The case concerned a former employee of recruitment firm Egon Zehnder, Mary-Caroline Tillman. Ms Tilman’s claim ultimately came down to the wording used within the clause of the covenant; that as a former employee, Ms Tilman would not “directly or indirectly engage or be concerned or interested in any business carried on in competition with any of the businesses of [Egon Zehnder]” for six months after leaving the business.
Although the Court of Appeal had previously found that the words “interested in” made the clause an unreasonable restraint of trade, the Supreme Court ruled that removing these two words from the clause did not result in any major change in the overall effect of the restriction, and it could therefore be upheld.
Whilst the case has gone some way to clarify the position on what may be deemed reasonable to include in a set of restrictive covenants, the to-ing and fro-ing to reach this decision and the fact that the company concerned had to go all the way to the Supreme Court goes to show how grey the law in this area can be.
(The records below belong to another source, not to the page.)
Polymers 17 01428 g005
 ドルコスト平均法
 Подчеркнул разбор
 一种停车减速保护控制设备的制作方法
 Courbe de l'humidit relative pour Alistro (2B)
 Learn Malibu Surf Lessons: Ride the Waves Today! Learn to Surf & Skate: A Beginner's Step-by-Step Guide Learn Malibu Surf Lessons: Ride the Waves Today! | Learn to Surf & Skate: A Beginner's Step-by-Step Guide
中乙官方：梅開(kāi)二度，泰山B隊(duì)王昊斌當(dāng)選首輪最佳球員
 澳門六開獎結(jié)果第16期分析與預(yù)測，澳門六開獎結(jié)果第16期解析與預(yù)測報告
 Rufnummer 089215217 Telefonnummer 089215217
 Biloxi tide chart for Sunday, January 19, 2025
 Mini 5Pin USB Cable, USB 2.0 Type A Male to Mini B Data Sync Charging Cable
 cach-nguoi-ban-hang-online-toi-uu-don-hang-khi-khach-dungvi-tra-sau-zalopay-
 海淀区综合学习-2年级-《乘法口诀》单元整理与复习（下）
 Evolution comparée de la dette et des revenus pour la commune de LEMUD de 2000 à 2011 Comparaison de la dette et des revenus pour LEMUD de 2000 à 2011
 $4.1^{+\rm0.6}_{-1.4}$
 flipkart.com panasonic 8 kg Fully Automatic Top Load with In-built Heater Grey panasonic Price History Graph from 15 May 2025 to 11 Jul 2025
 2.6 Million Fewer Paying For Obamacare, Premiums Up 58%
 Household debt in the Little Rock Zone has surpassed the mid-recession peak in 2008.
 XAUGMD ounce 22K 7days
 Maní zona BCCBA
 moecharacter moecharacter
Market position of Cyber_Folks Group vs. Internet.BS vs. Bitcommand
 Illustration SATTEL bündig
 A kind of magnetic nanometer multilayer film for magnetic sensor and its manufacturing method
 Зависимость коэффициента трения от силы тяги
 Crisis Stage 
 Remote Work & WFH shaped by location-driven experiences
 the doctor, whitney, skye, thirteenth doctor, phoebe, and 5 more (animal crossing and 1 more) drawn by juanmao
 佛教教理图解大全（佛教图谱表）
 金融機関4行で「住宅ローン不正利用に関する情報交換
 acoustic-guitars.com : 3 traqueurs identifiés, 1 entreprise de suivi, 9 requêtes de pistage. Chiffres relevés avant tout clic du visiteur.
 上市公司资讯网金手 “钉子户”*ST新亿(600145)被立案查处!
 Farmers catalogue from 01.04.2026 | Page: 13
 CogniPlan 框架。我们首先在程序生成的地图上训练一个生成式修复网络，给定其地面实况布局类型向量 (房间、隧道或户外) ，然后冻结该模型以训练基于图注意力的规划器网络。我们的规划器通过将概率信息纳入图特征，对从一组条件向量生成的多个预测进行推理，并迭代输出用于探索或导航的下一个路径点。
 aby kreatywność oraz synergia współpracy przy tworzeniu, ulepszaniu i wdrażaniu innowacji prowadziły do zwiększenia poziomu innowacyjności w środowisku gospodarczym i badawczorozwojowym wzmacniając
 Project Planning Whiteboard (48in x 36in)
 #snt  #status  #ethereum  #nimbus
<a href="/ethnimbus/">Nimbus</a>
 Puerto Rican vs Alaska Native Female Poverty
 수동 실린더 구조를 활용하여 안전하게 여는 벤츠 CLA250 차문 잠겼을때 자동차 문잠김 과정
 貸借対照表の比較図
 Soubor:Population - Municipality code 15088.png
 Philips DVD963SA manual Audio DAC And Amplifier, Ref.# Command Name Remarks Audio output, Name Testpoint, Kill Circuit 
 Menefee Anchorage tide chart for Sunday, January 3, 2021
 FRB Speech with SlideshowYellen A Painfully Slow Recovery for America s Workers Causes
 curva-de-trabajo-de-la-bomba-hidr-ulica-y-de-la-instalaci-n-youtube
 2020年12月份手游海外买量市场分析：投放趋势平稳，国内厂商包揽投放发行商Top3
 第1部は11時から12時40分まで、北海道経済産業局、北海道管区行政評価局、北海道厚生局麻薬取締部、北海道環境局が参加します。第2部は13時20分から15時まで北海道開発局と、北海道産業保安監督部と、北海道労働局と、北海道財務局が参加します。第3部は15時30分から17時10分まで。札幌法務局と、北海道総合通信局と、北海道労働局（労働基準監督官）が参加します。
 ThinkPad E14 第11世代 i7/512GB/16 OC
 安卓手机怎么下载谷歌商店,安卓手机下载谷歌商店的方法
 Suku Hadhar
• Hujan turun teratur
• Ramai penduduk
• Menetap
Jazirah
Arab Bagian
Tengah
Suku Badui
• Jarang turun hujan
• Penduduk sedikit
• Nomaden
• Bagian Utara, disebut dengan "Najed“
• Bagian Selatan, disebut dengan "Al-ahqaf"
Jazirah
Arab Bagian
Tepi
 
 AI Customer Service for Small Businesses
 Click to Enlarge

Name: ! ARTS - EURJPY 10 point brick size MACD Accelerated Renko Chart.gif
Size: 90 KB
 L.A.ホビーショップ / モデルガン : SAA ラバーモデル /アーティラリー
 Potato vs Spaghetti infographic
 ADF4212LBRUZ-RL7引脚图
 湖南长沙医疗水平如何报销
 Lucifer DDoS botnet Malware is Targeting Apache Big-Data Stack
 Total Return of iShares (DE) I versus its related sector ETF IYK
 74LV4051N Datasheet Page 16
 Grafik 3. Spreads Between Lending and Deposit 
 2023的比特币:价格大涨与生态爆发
Rather than seeing the decision as a green light to include similar restrictions in employment contracts, it should rather be seen as a wake-up call for employers and a prompt to revisit their restrictive covenants to make sure that what they have in place is enforceable.
Restrictive covenants are just one element of an employment contract that needs to be reviewed for suitability. It remains a surprise to us how often unsuitable contracts are in place across organisations, and we even still come across employers who fail to have employment contracts in place at all!
As well as ensuring new employees sign an employment contract that is suitable for their position within the company, ideally upon commencement of employment, employers also need to remember to follow this through the entirety of employment lifecycle. Where employees are promoted, it’s vital that their employment contracts are updated accordingly. This is often the part that gets forgotten, and can lead to senior employees being on contracts with only two weeks’ notice and with no restrictive covenants!
Working alongside an HR adviser, either on a project basis to review contracts of employment, or to play an ongoing HR role in your organisation, can help to ensure that all the i’s are dotted and the t’s crossed.